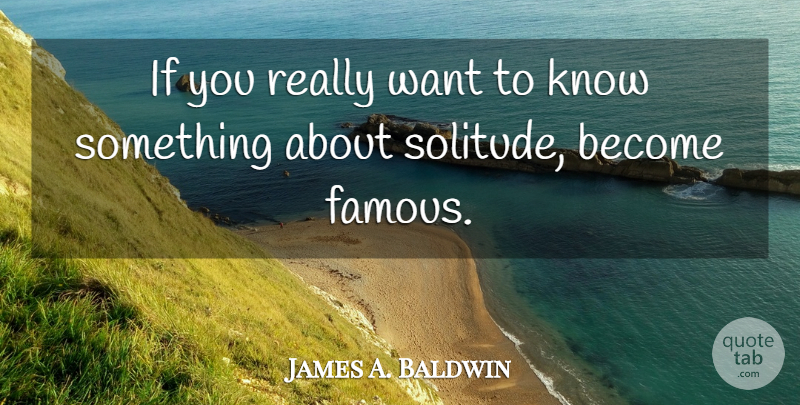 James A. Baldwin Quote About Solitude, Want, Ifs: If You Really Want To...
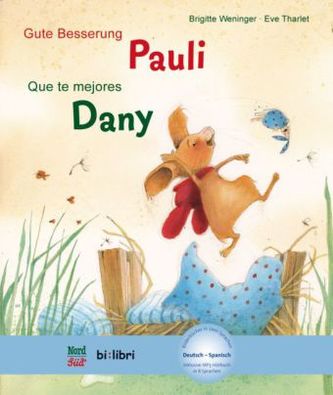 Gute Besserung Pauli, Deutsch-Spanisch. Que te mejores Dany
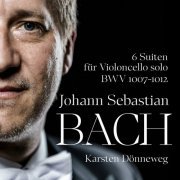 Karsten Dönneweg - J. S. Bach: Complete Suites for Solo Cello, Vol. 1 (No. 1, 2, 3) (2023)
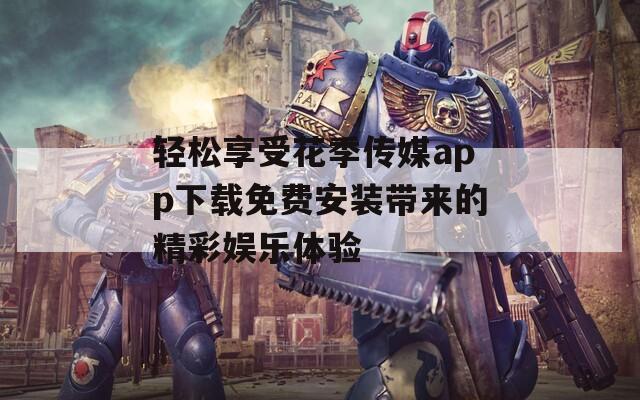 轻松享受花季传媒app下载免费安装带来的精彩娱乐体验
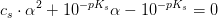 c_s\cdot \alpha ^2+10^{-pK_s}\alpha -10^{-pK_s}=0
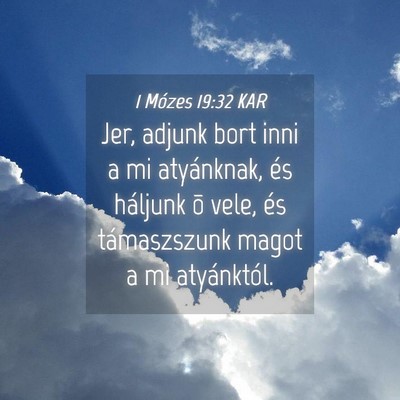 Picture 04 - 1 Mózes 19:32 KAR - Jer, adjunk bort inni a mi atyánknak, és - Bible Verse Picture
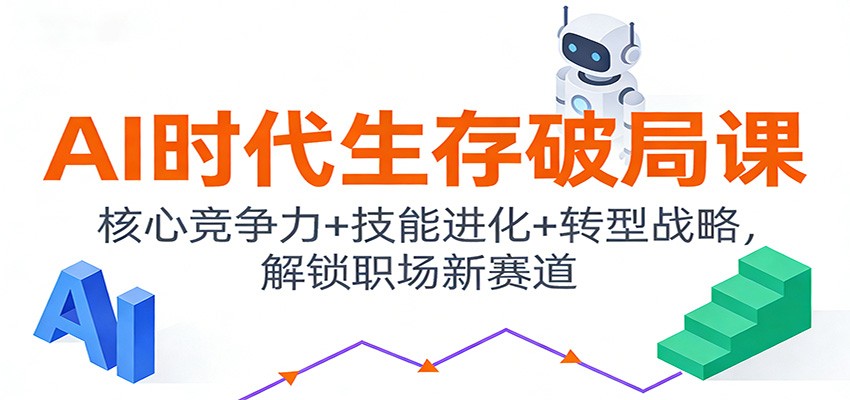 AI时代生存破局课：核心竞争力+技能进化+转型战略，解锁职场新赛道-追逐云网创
==
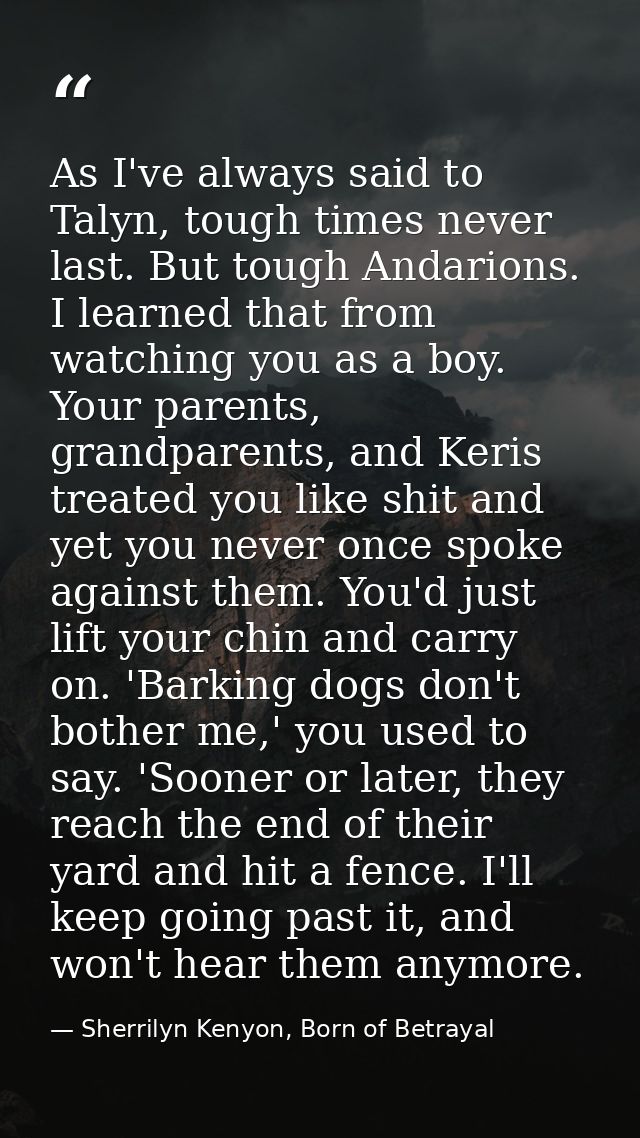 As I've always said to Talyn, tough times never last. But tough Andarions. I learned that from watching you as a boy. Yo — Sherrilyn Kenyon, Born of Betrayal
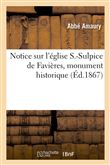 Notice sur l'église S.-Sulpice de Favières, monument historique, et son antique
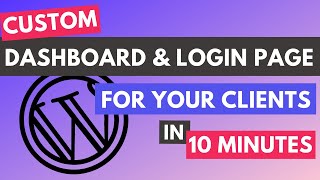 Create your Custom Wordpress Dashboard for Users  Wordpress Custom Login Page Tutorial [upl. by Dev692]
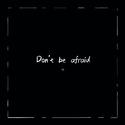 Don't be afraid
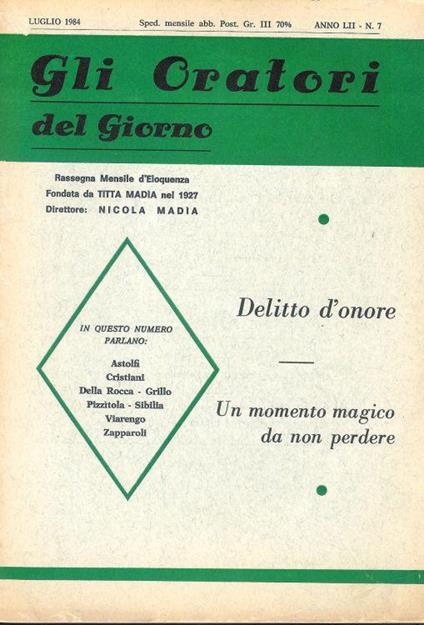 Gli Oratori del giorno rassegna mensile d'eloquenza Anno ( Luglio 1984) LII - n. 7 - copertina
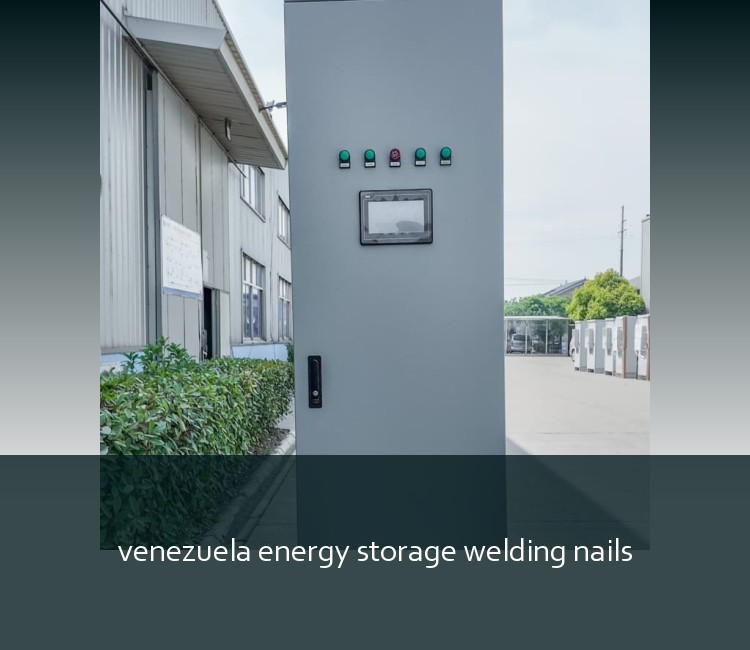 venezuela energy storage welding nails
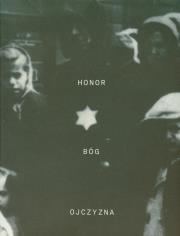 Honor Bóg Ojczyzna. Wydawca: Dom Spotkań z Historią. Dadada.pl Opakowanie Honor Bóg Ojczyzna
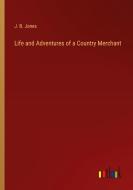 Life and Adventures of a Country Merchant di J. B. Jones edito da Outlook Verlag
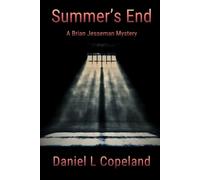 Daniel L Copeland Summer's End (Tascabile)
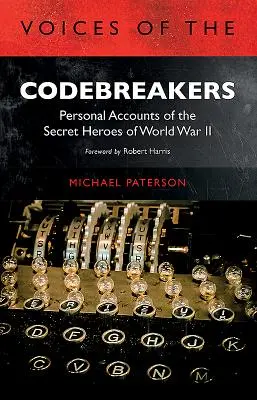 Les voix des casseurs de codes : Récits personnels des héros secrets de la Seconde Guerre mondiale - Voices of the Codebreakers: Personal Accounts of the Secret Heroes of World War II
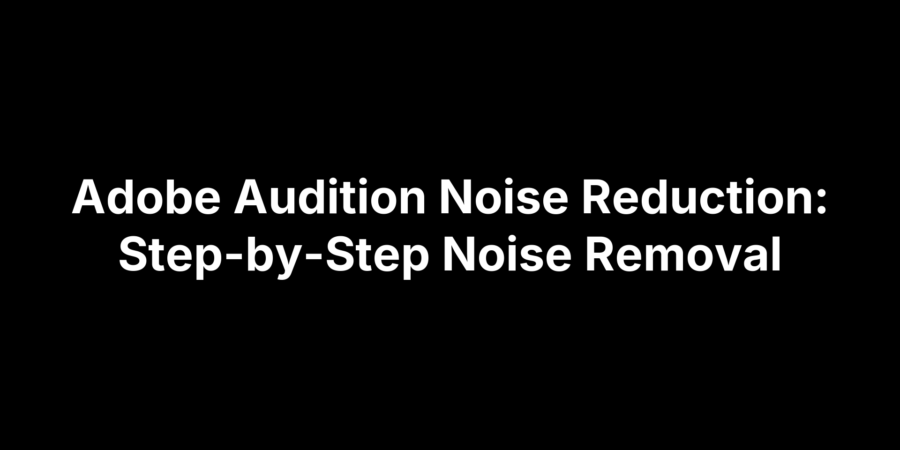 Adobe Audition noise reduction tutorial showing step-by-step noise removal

* What to produce *
Pictures aside, print exactly the lines above starting with the one containing "Gute Besserung Pauli, Deutsch-Spanisch." and going on through the one containing "AI时代生存破局课：核心竞争力+技能进化+转型战略，解锁职场新赛道-追逐云网创".

* Exercise result *
 Gute Besserung Pauli, Deutsch-Spanisch. Que te mejores Dany
 Karsten Dönneweg - J. S. Bach: Complete Suites for Solo Cello, Vol. 1 (No. 1, 2, 3) (2023)
 轻松享受花季传媒app下载免费安装带来的精彩娱乐体验
 c_s\cdot \alpha ^2+10^{-pK_s}\alpha -10^{-pK_s}=0
 Picture 04 - 1 Mózes 19:32 KAR - Jer, adjunk bort inni a mi atyánknak, és - Bible Verse Picture
 AI时代生存破局课：核心竞争力+技能进化+转型战略，解锁职场新赛道-追逐云网创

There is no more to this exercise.